Re: PoC/WIP: Extended statistics on expressions - Mailing list pgsql-hackers

From Tomas Vondra
Subject Re: PoC/WIP: Extended statistics on expressions
Date
Msg-id 3fbbd68b-0b52-cb5a-d468-7e7280c33e6c@enterprisedb.com
Whole thread Raw
In response to PoC/WIP: Extended statistics on expressions  (Tomas Vondra <tomas.vondra@enterprisedb.com>)
Responses Re: PoC/WIP: Extended statistics on expressions  (Tomas Vondra <tomas.vondra@enterprisedb.com>)
List pgsql-hackers
On 11/16/20 2:49 PM, Tomas Vondra wrote:
> Hi,
>
> ...
>
> 4) apply the statistics
> 
>    This is the hard part, really, and the exact state of the support
>    depends on type of statistics.
> 
>    For ndistinct coefficients, it generally works.
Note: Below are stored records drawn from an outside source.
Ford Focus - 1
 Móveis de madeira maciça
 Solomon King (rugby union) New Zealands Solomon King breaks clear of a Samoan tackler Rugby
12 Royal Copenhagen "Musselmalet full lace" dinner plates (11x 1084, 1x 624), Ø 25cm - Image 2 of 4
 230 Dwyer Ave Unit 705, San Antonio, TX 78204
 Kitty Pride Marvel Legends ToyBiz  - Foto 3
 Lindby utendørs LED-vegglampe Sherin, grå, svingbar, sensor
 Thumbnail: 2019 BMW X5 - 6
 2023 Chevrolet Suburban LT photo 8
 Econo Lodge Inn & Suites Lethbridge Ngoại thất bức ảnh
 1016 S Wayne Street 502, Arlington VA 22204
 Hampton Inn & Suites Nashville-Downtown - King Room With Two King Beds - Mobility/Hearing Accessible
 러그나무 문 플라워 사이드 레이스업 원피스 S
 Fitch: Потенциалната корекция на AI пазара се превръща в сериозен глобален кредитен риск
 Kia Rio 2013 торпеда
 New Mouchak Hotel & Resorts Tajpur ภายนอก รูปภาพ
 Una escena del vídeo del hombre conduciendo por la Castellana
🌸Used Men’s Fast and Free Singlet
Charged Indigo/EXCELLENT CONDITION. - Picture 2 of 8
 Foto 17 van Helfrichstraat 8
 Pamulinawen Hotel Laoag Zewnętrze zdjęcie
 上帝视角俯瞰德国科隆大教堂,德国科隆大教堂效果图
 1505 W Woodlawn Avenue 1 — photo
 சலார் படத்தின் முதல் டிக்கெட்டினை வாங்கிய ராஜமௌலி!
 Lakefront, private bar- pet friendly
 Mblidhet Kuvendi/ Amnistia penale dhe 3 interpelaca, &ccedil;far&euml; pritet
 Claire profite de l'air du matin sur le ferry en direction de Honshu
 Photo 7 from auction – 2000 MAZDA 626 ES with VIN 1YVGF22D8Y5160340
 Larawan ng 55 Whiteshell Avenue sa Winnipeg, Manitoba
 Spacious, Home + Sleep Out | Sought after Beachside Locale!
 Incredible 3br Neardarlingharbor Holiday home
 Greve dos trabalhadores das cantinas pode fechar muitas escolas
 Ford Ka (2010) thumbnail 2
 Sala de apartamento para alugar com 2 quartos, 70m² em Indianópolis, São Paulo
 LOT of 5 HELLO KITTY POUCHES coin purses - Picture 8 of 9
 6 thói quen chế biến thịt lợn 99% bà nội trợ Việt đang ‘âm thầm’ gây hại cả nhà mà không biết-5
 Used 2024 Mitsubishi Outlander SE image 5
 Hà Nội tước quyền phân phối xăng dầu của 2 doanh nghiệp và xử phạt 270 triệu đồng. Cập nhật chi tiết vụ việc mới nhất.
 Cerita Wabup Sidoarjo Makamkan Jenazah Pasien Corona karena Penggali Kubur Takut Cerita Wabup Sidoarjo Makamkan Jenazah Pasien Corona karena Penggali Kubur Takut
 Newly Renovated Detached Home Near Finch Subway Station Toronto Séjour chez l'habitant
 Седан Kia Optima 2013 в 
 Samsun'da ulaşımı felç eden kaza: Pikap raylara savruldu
I'm sure there may be
>    bugs in estimate_num_groups, etc. but in principle it works.
> 
>    For MCV lists, it generally works too - you can define statistics on
>    the expressions and the estimates should improve. The main downside
>    here is that it requires at least two expressions, otherwise we can't
>    build/apply the extended statistics. So for example
> 
>       SELECT * FROM t WHERE mod(a,100) = 10 AND mod(b,11) = 0
> 
>    may be estimated "correctly", once you drop any of the conditions it
>    gets much worse as we don't have stats for individual expressions.
>    That's rather annoying - it does not break the extended MCV, but the
>    behavior will certainly cause confusion.
> 
>    For functional dependencies, the estimation does not work yet. Also,
>    the missing per-column statistics have bigger impact than on MCV,
>    because while MCV can work fine without it, the dependencies heavily
>    rely on the per-column estimates. We only apply "corrections" based
>    on the dependency degree, so we still need (good) per-column
>    estimates, which does not quite work with the expressions.
> 
> 
>    Of course, the lack of per-expression statistics may be somewhat
>    fixed by adding indexes on expressions, but that's kinda expensive.
> 

FWIW after re-reading [1], I think the plan to build pg_statistic rows
for expressions and stash them in pg_statistic_ext_data is the way to
go. I was thinking that maybe we'll need some new statistics type to
request this, e.g.

   CREATE STATISTICS s (expressions) ON ...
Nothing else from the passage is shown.